Whitney Holland, president of the American Federation of Teachers in New Mexico, said on Wednesday that the teacher staffing shortage was a “nationwide crisis.”
“I think ‘dire’ is an appropriate word,” Ms. Holland said, adding that she supported Governor Lujan Grisham’s initiative to keep schools open for students.
“As long as there’s a positive adult that they can build connections with — whether it’s a National Guard member or a state employee or a substitute — and we’re keeping our schools open, that’s our top priority,” she said.
In Oklahoma, Gov.
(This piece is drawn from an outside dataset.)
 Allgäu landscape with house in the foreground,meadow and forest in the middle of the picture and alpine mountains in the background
Kevin Stitt issued an executive order on Tuesday which allows state agencies to let their workers serve as substitute teachers without affecting their regular job, pay or benefits.
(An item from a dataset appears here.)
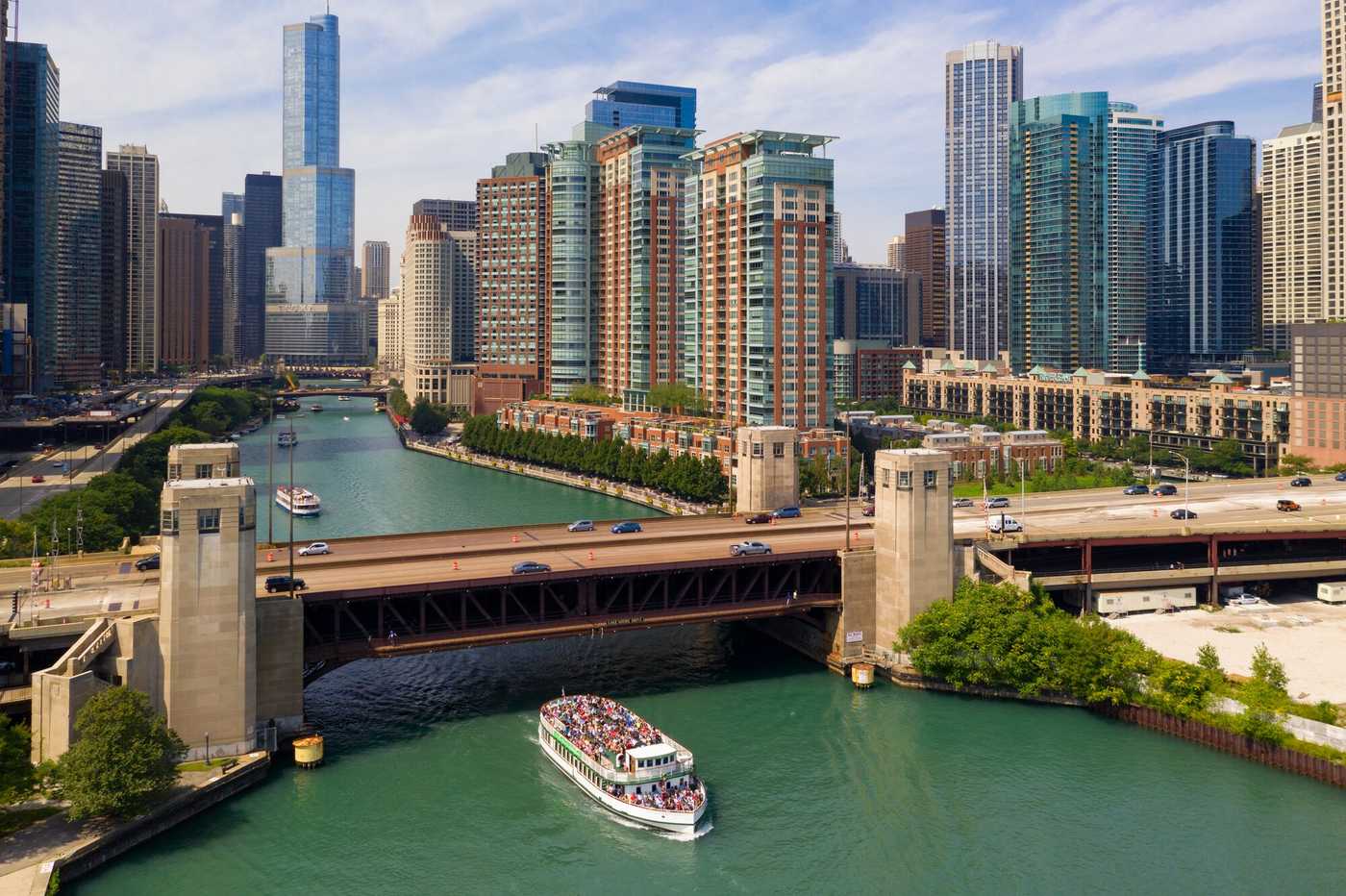 Aerial view of the Chicago River with bridge and large boat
“I’ve said from the beginning that our students deserve an in-person education and our schools need to stay open,” Governor Stitt said. “The state has a responsibility to do what we can to help make that happen.”
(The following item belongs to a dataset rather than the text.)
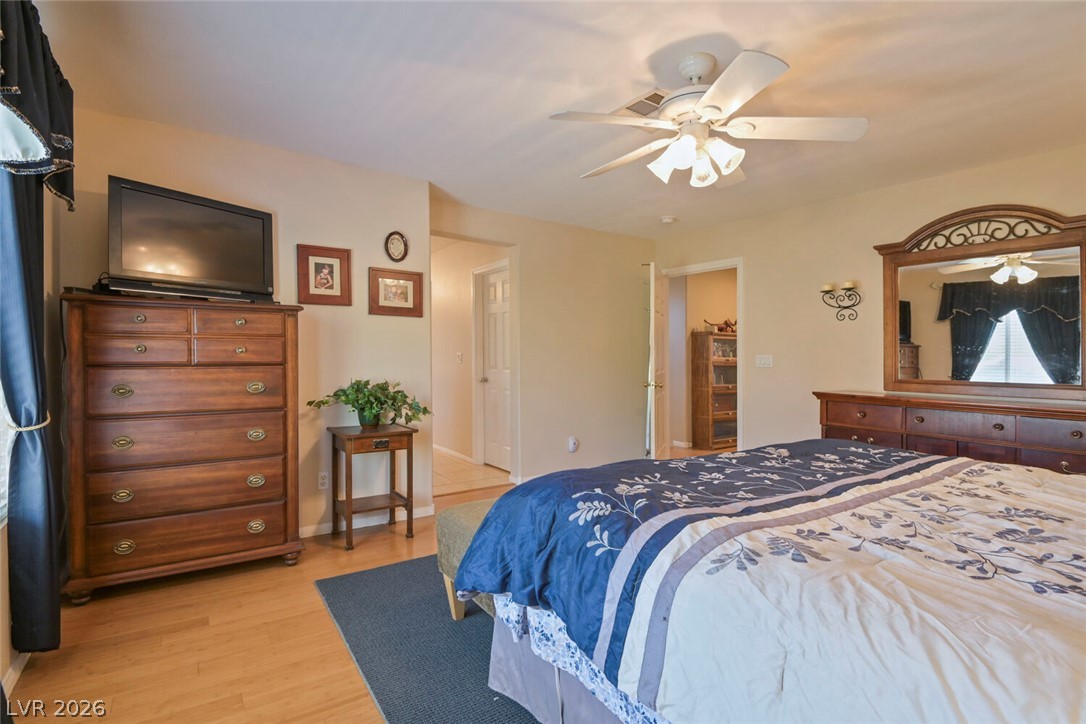 2356 Tilden Way Henderson, NV 89074 - Photo 17 of 30 Hardwood flooring extends throughout this naturally illuminated primary bedroom, offering comfort and refined style.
In California, Gov. Gavin Newsom signed an executive order last week that loosened rules for substitute teachers, citing the Omicron surge. Set to run through March, the order speeds up hiring for qualified short-term substitutes, lets current substitutes have their assignments extended, and makes it easier for retired teachers to return.
Teachers are not the only school employees in short supply. Last year in Massachusetts, Gov. Charlie Baker activated the National Guard to help with a shortage in bus drivers. And in North Carolina, legislators gave districts federal funding to cover signing bonuses to help ease a shortage of cafeteria workers.